MP: We use like question stems and answer choices on our classroom quizzes and in class discussions. Our kiddos have been performing well on cfa’s from recently released tests this year. You have to really look at what is being tested and how it is being asked. We have to do our homework

MP: We study the answer choices and use good choices on our classroom quizzes . We often use similar or like question stems on our them as well

4. Then one of my professor friends sent this document. A great description of the reader’s workshop.
Hudson, A. K., & Williams, J. A. (2015). Reading Every Single Day. Reading Teacher, 68(7), 530-538. doi:10.1002/trtr.1349

5. Then we completed the following exchange through email:

Me: Love it. Most of my followers will recognize the format. What they don’t understand is how to lead specific minilessons inside that format. They literally don’t know what to say/teach/model. SO frustrating.

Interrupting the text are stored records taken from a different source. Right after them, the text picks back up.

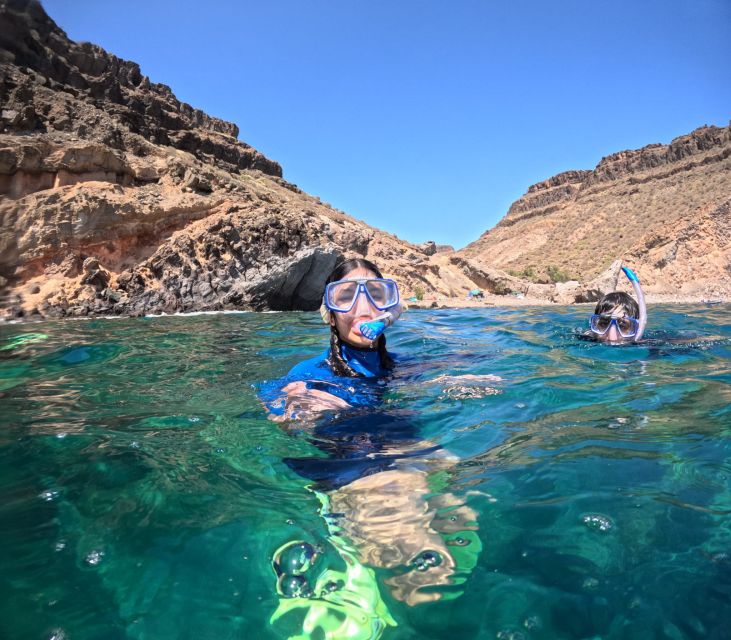Gran Canaria: Snorkel tour with boat on the west coast - Hotel Pickup From the South: Fast Access to Puerto de Mogán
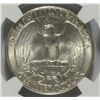 Image 3 : 1936 WASHINGTON QUARTER, NGC MS-64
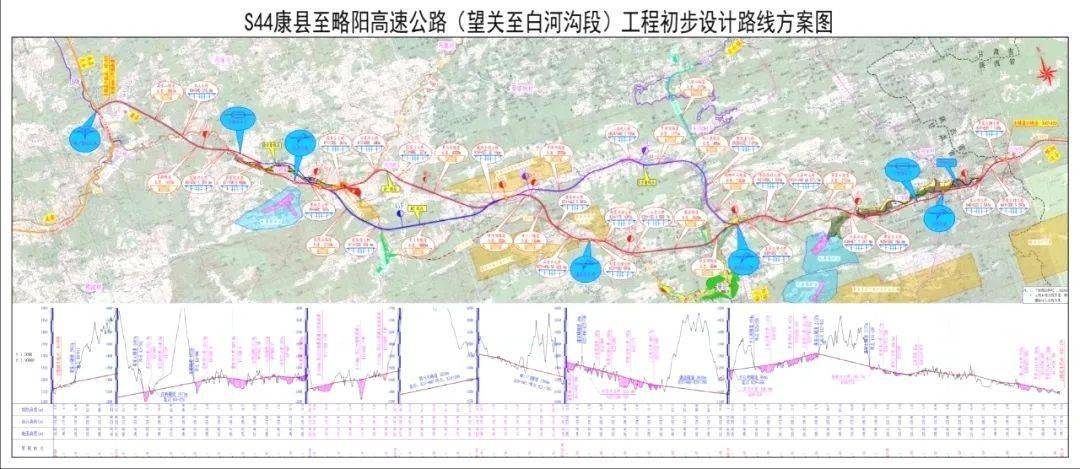 s44康县至略阳高速公路最新消息!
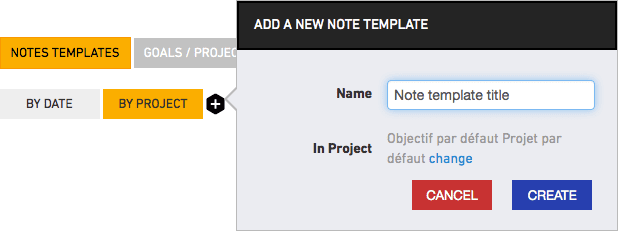 Note Templates Note Templates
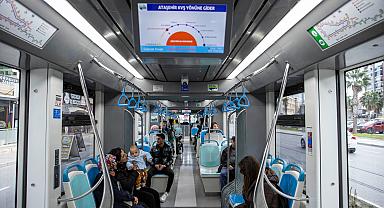 İzmirliler Çiğli Tramvayı'nı çok sevdi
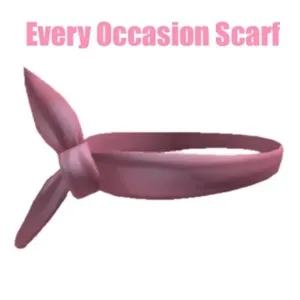 Every Occasion Scarf Toy Code Avatar - Instant Delivery 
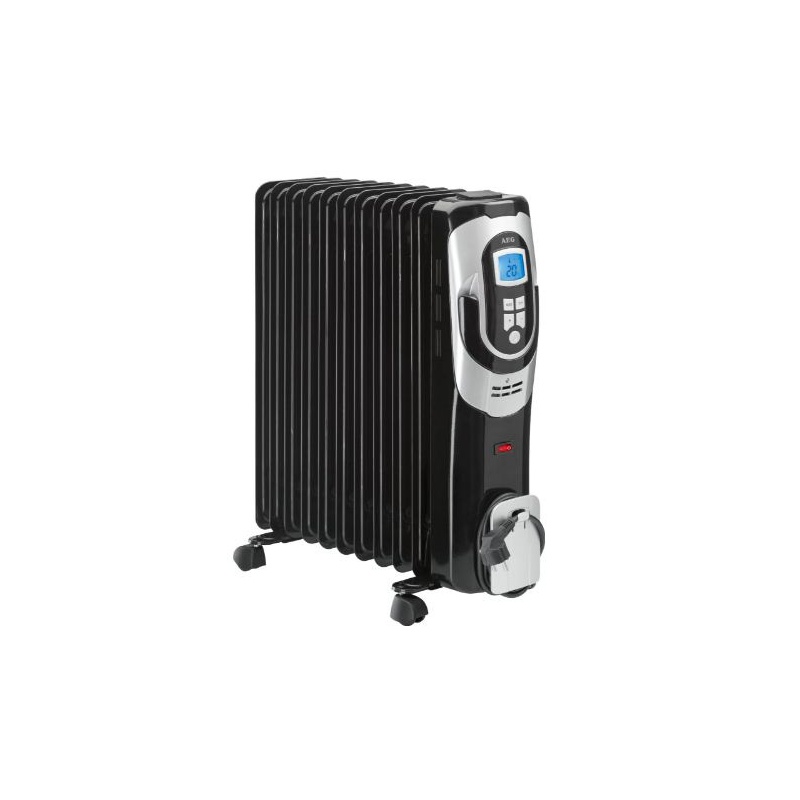 Radiator electric cu ulei, AEG RA 5589, 11 Elementi, Negru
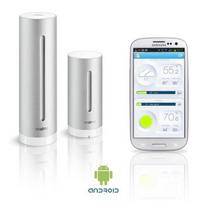 METEO STATION FOR SMARTPHONE/SILVER NWS01-EC NETATMO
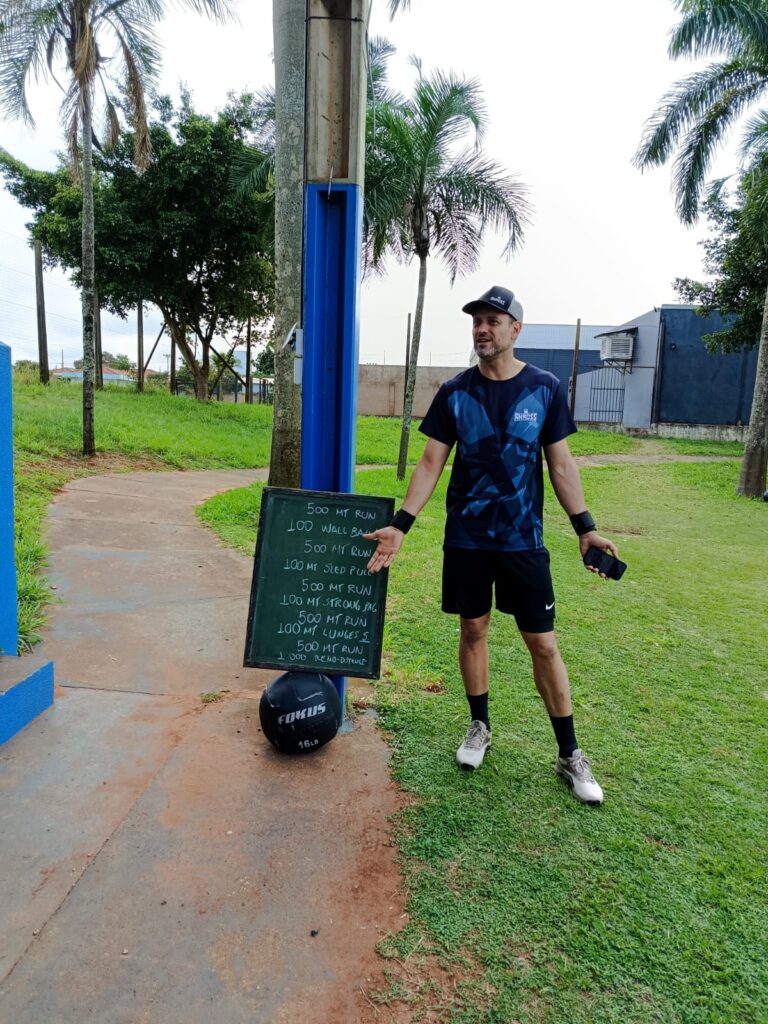 Akross Training movimenta Coronel Sapucaia com grande “treinão” de superação, saúde e solidariedade neste sábado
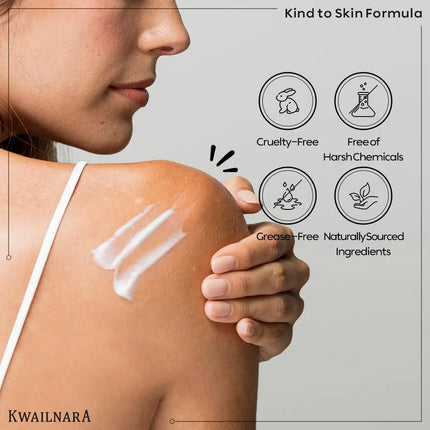 Kwailnara Milk Body Lotion Yuja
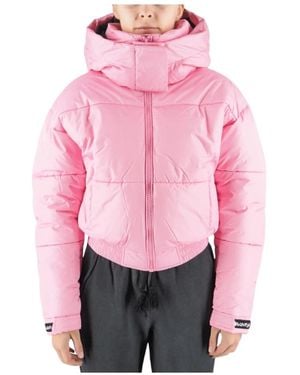 DISCLAIMER Winter Jackets - Rosa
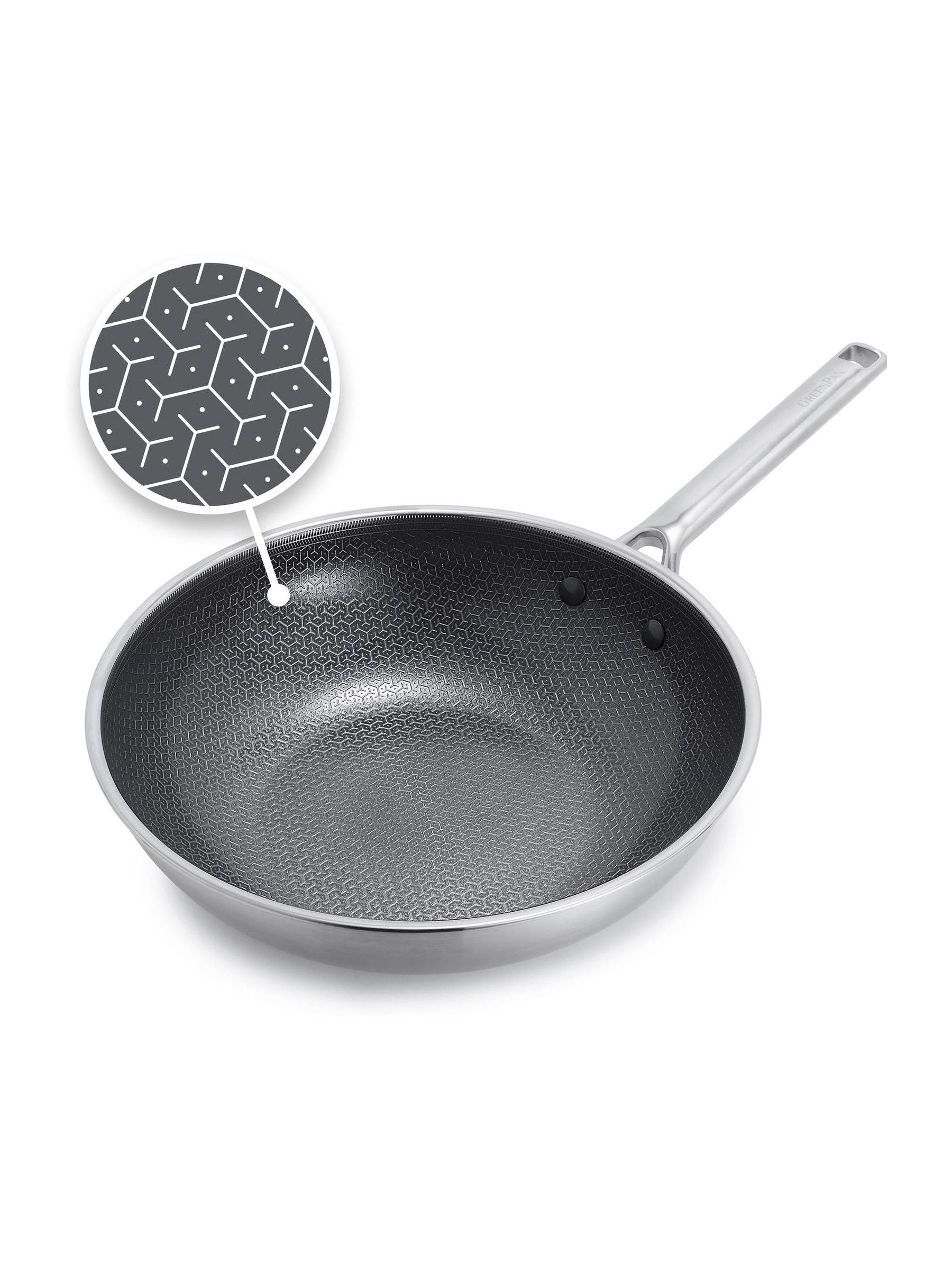 Green Pan Apex wok pan 28cm (British brand)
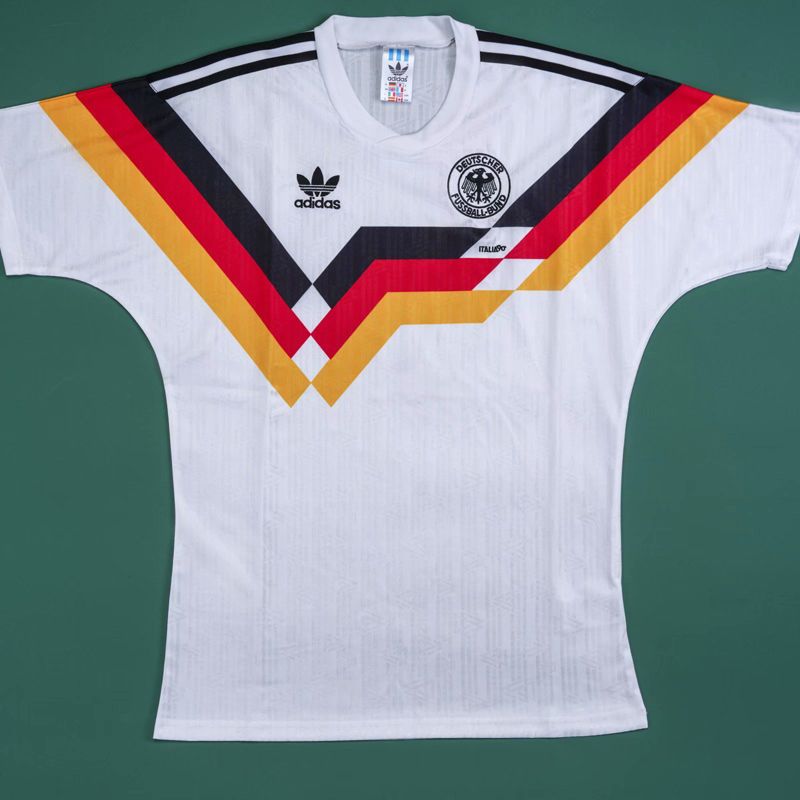 Alemania Retro 1990 Local (Blanca) 2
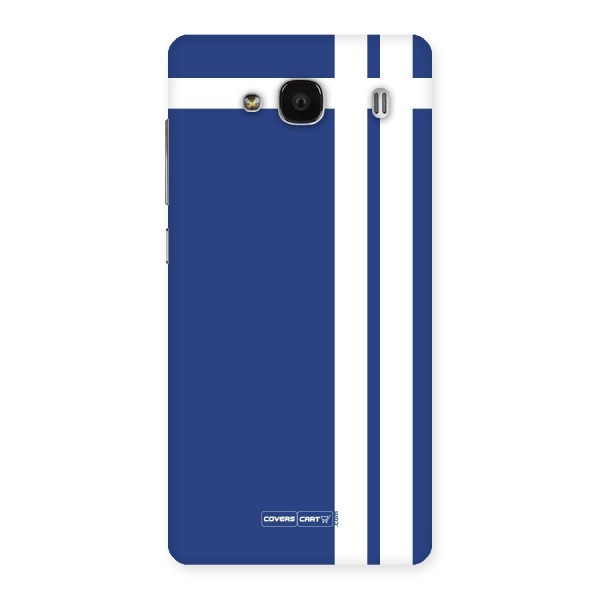 Blue and White Back Case for Redmi 2
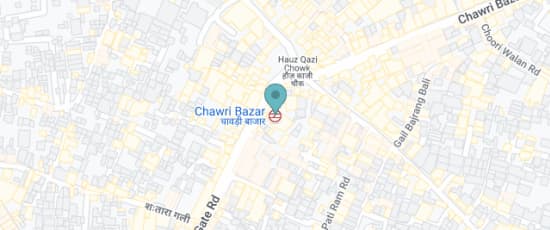 Chawri Bazar, 110006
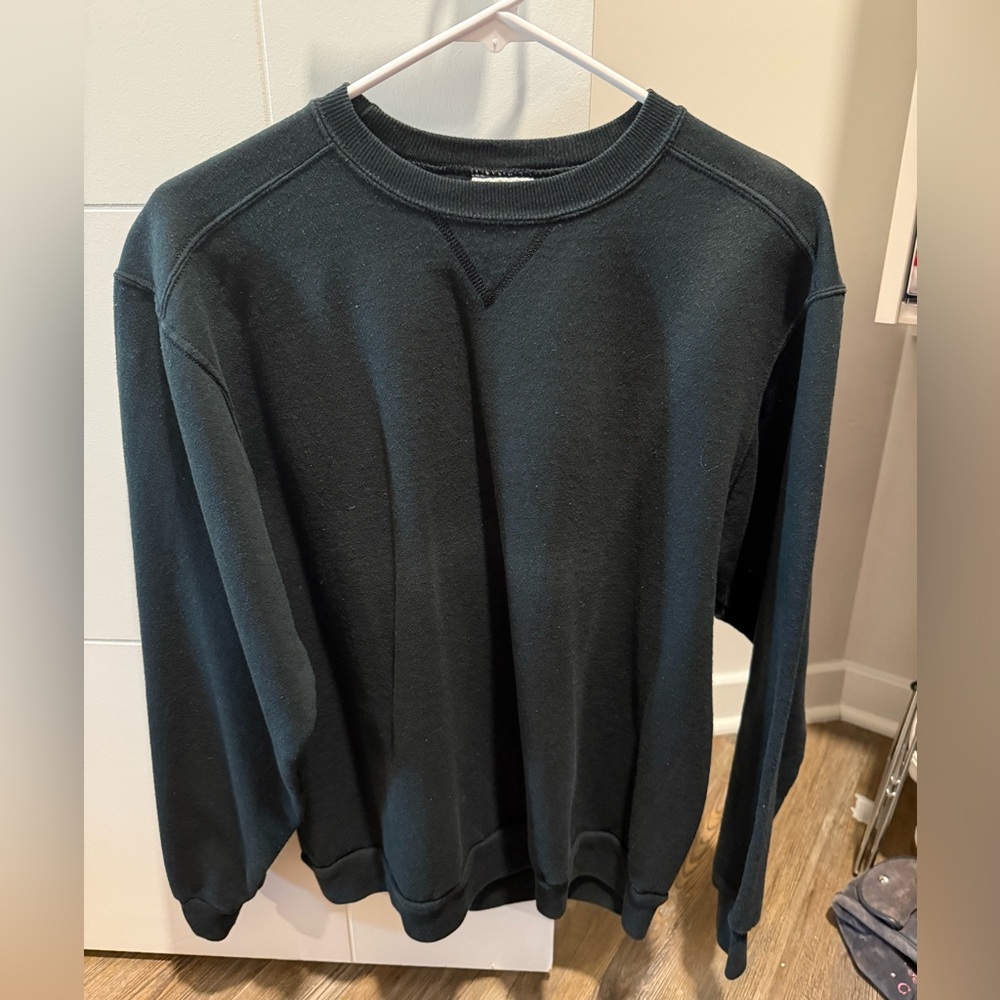 Black Jerzees Crewneck Sweatshirtrt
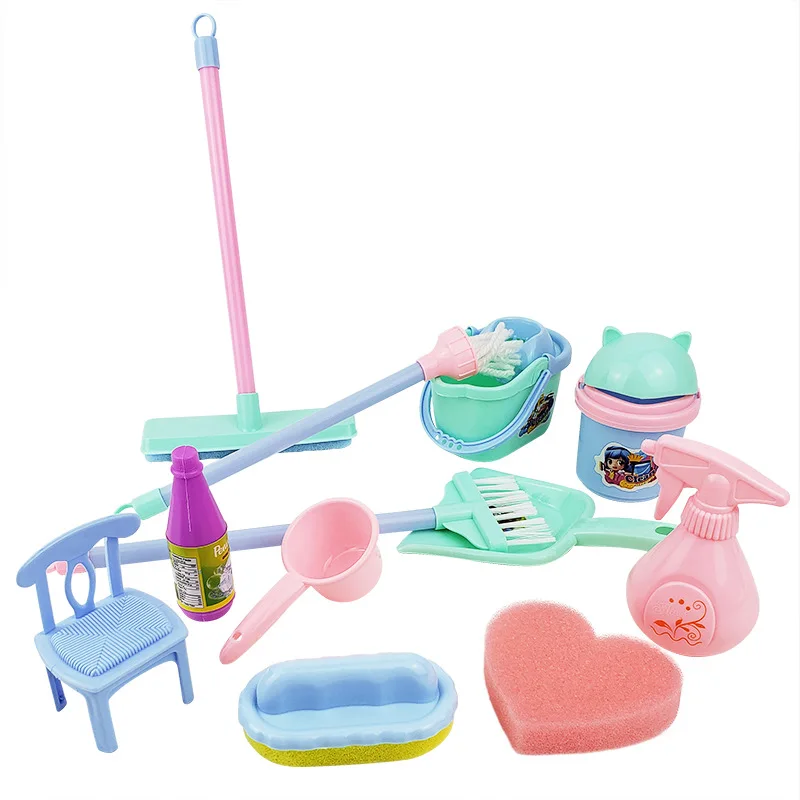 

Simulated Mini Broom Baby Girl Toy Children's Home Sweeper Tool Set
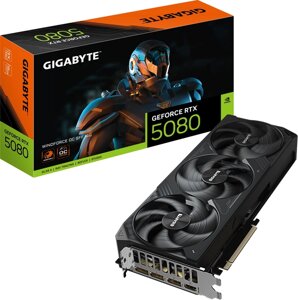 GIGABYTE GeForce RTX 5080 WINDFORCE OC SFF 16G (GV-N5080WF3OC-16GD)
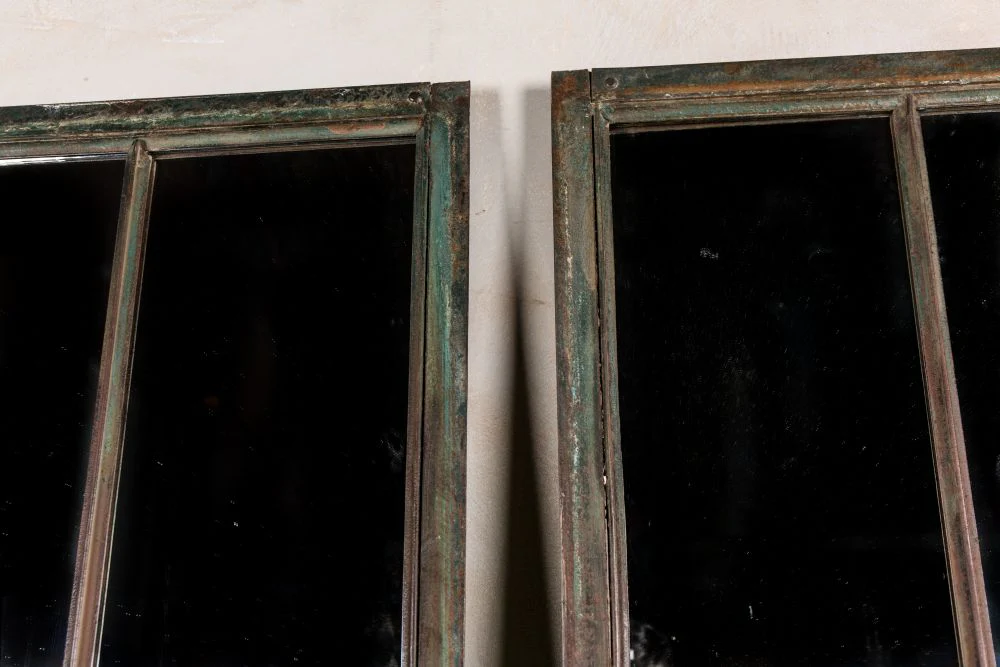 Large Window Pane Mirror - Image 3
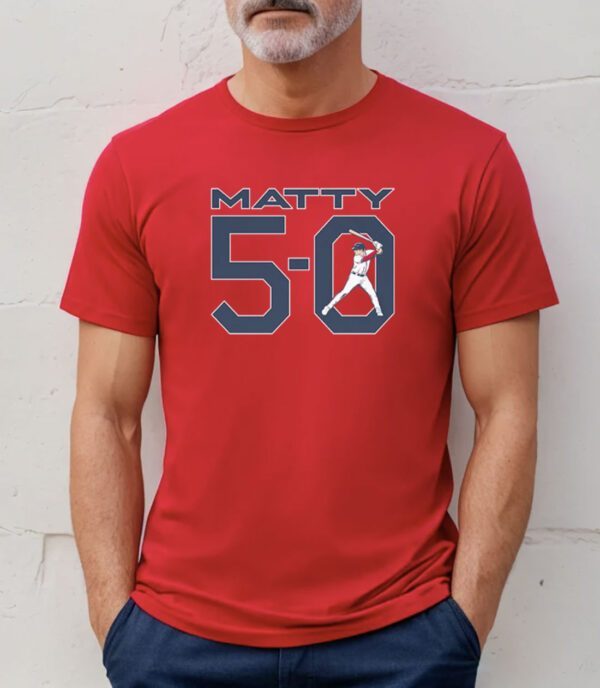 Matt Olson Matty 5-0 Atlanta Shirts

The teachers need a model for how to show how a reader uses those terms to comprehend a text. It sounds unbelievable, but teachers don’t know what to say in the minilesson because they don’t know how to use plot to comprehend either. That’s what I need help developing for them. I don’t know how to fix that.

JS: Yeah I imagine as the STAAR and TEKS and other tests make reading an unnatural process.
The article talks about incorporating mini lessons through journaling in which students write down their thoughts on their reading and the teacher constantly models her expectations for these journal entries through her own entries and through close reading strategies.  So you can still incorporate those strategies you need for the test within a more authentic framework.

Me: Unnatural? Yes. Abusive sometimes…absolutely. Antithetical to what we know should work…bullseye. I totally agree with the workshop approach – but ultimately, that’s not working for our folks. Some just don’t get it. Others don’t know  how to model for the minilesson. They only know how to have kids copy definitions and annotate the text for where they think they see the plot elements. Rote application.
 
We can argue all we want for authentic instructional approaches that don’t divorce kids from the love and productive cognitive activity involved in real reading. Ultimately, we have to figure out how to get that done inside the standards and accountability movement. And right now, there’s a huge gap in balancing authenticity, teacher knowledge and application, and getting results. Applying the workshop model -been teaching and modeling that for over 20 years now. It’s not getting STAAR results. So…what else can we do?